▶ _Work order_:
From the entries below, write out exactly the lines between the line holding "13b31eb1e3f4d769f21658e4a85d296e" and the line holding "H-1125cc23-ad48-4360-8f85-30eaea55369f-550", inclusive, excluding any pictures.

▶ _Exercise materials_:
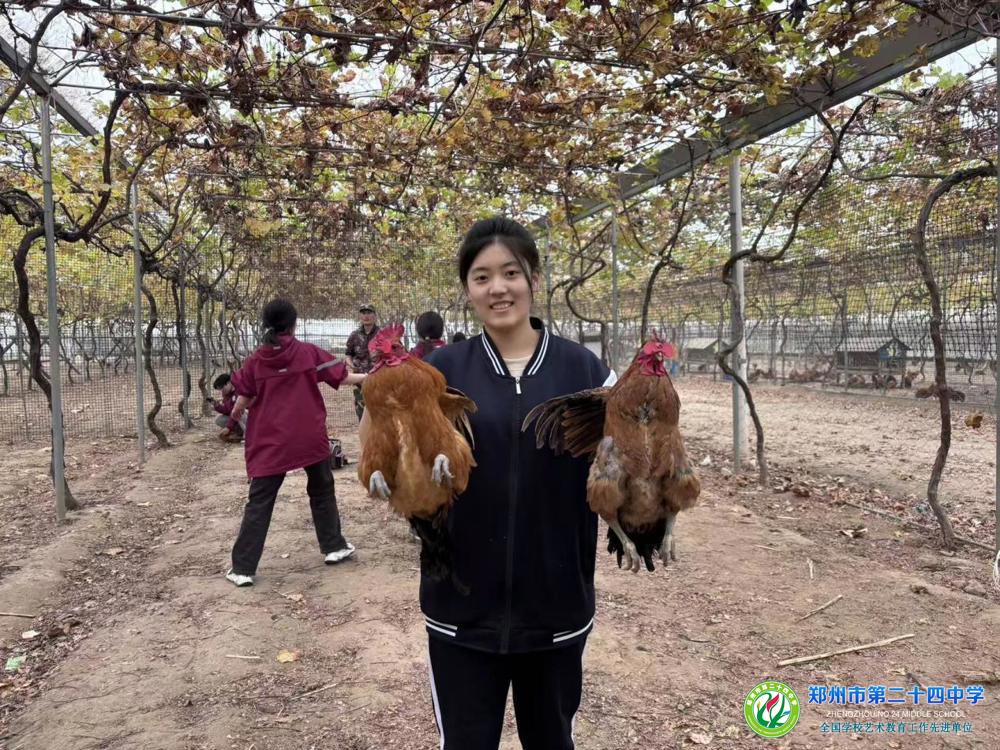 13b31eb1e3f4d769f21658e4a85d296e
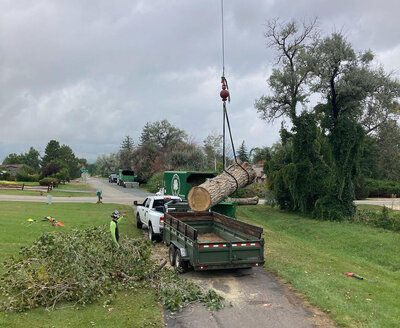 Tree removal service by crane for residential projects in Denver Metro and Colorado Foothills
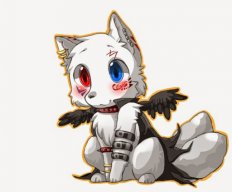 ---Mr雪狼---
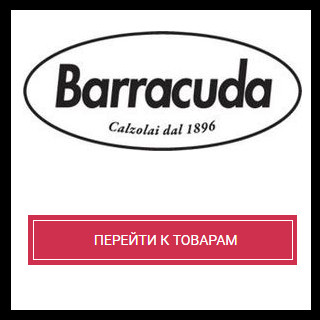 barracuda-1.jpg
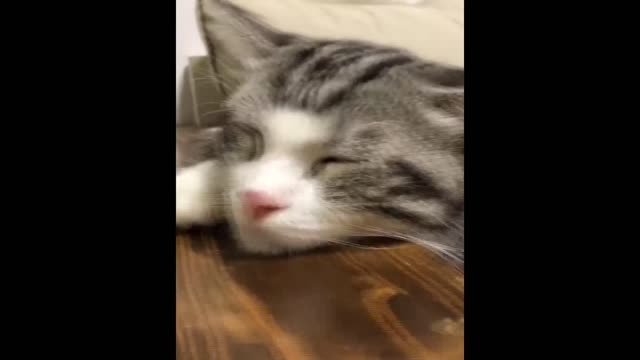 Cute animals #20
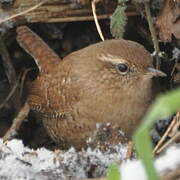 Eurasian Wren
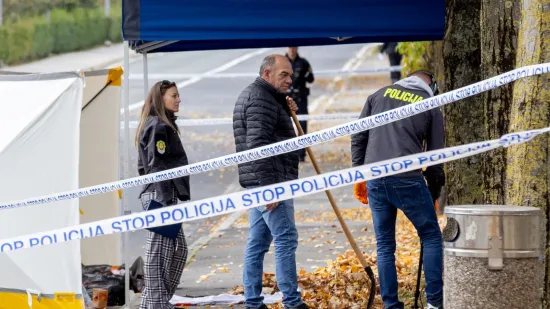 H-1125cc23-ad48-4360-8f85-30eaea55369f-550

---

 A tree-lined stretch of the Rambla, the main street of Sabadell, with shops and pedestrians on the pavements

...

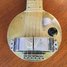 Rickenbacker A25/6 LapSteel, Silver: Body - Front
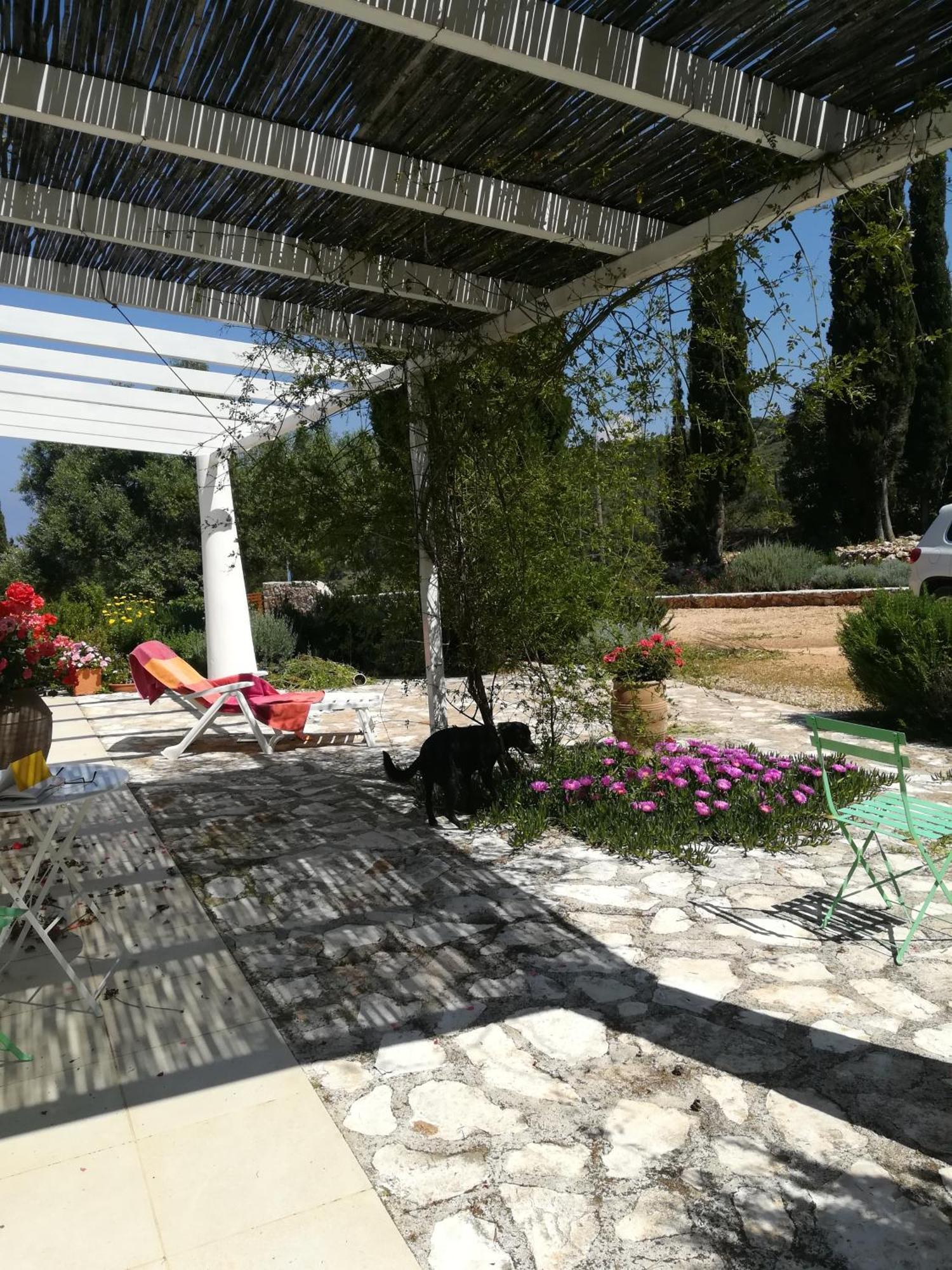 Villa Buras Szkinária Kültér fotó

▶ _Reply_:
 13b31eb1e3f4d769f21658e4a85d296e
 Tree removal service by crane for residential projects in Denver Metro and Colorado Foothills
 ---Mr雪狼---
 barracuda-1.jpg
 Cute animals #20
 Eurasian Wren
 H-1125cc23-ad48-4360-8f85-30eaea55369f-550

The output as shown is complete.